Glad to see QNX still progressing. I worked there as an intern twice in Ottawa and they're pretty damn good. Great place to work imo. I met some of the kernel devs there. Had the priviledge of working with one and he taught and demoed some of the kernel features to me. They gave us interns a full summer course on kernels, C programming, OS and some hardware. Fun times.

ronsor - 10 hours ago

This is a major throwback to the QNX demo disk, which bundled a browser and desktop environment onto a single floppy disk!

OsrsNeedsf2P - 10 hours ago

Did I just wake up from a coma? QNX desktop? Wayland XFCE? What is going on here

supermatt - 3 hours ago

If you want to fall for the QNX bait and switch a 3rd time, more fool you.

wewewedxfgdf - 9 hours ago

I feel like Charlie Brown running up to kick the football and having Lucy pull it away.

donatj - 10 hours ago

Bring back Photon. It was dang near perfect.

harhargange - 6 hours ago

As someone who still uses a QNX phone, the Blackberry Q10 as my second phone, I’m not just optimistic for the return of the cross-platform and secure os, I’m rooting for it. Especially for portable Linux handhelds. If Blackberry were to release a phone tomorrow, it would instantly be the most secure android phone.

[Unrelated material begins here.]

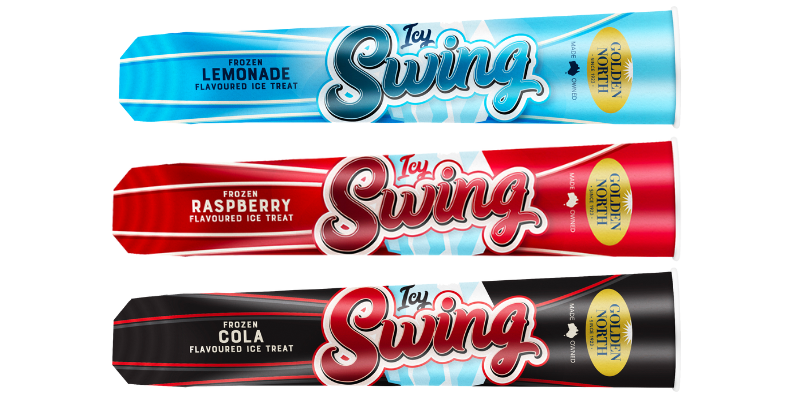Packaging of three Swing icy pole flavours, lemonade, raspberry and cola.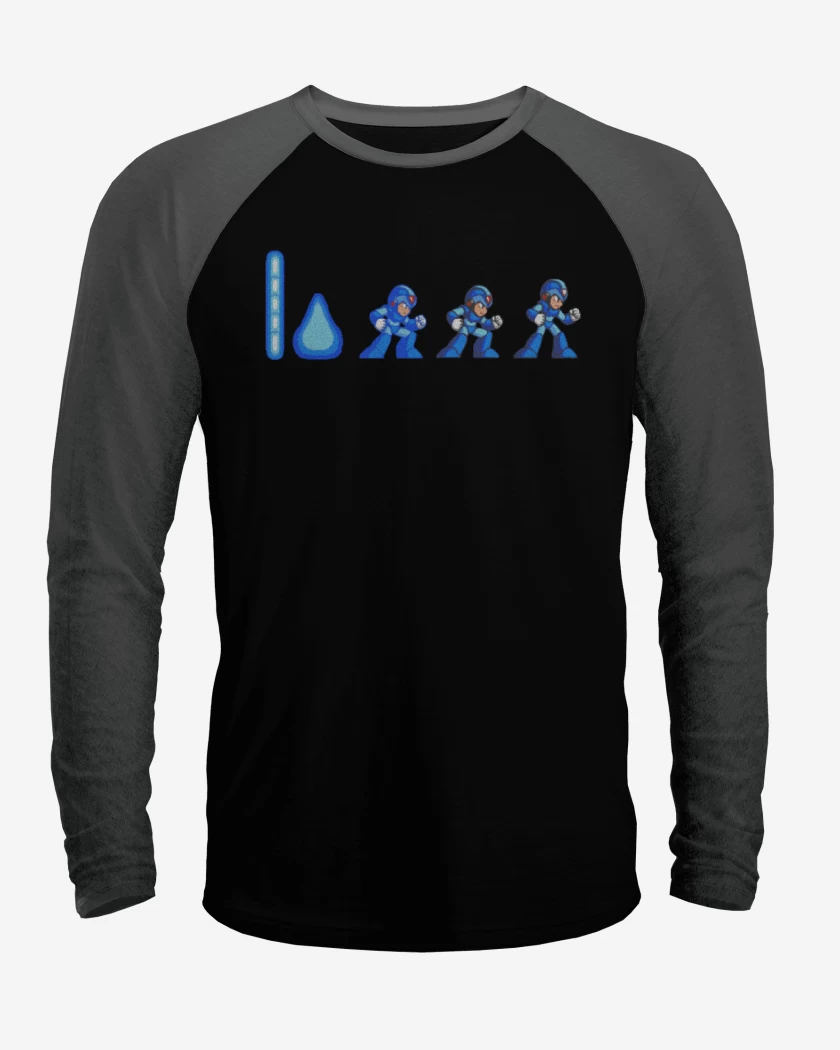 Polera Raglan Negro / Negro Heather de Megaman x inicio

I still run some of my favourite android apps on my BB10os via the android translation layer.

Some comments mentioning QNX can run Swift code makes me think of it could also run iPhone apps.

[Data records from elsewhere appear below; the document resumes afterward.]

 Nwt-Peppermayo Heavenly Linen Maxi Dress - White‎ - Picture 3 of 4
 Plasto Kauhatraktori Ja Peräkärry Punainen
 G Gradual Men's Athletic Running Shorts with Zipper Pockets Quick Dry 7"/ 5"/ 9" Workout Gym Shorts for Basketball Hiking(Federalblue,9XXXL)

While Blackberry exited the phone market, I’m surprised to know QNX is still the most popular os for cars. With 275 million devices running it atm.

dcmatt - 9 hours ago

QNX is owned by Blackberry?! Blackberry still exists?

lukeh - 6 hours ago

Oddly Swift appears to support QNX but there’s not much information about it.

https://github.com/swiftlang/swift-testing/issues/868

zerr - 3 hours ago

Is GTK their go to GUI toolkit nowadays? (mentioned in the examples)

written-beyond - 6 hours ago

PREEMPT_RT, Toyota's IVI shell for flutter and the AGL efforts has made qnx compete again

inamberclad - 7 hours ago

Wow, this could be quite useful for poking at the head unit in my car. It's also running QNX.

itvision - 4 hours ago

What compositor is being used?

tombert - 9 hours ago

I've only ever used QNX in the form of Blackberry products (mostly the Playbook), so I am afraid I don't what the advantages of it would be compared to Linux or something.

I know it's a microkernel which is inherently cool to me, but I don't know what else it buys you.

Can anyone here give me a high-level overview of why QNX is cool?

ngcc_hk - 9 hours ago

Totally miss this.

LargoLasskhyfv - 11 hours ago

We'll see if it reaches bare metal some time, instead of relying on QEMU(on Ubuntu).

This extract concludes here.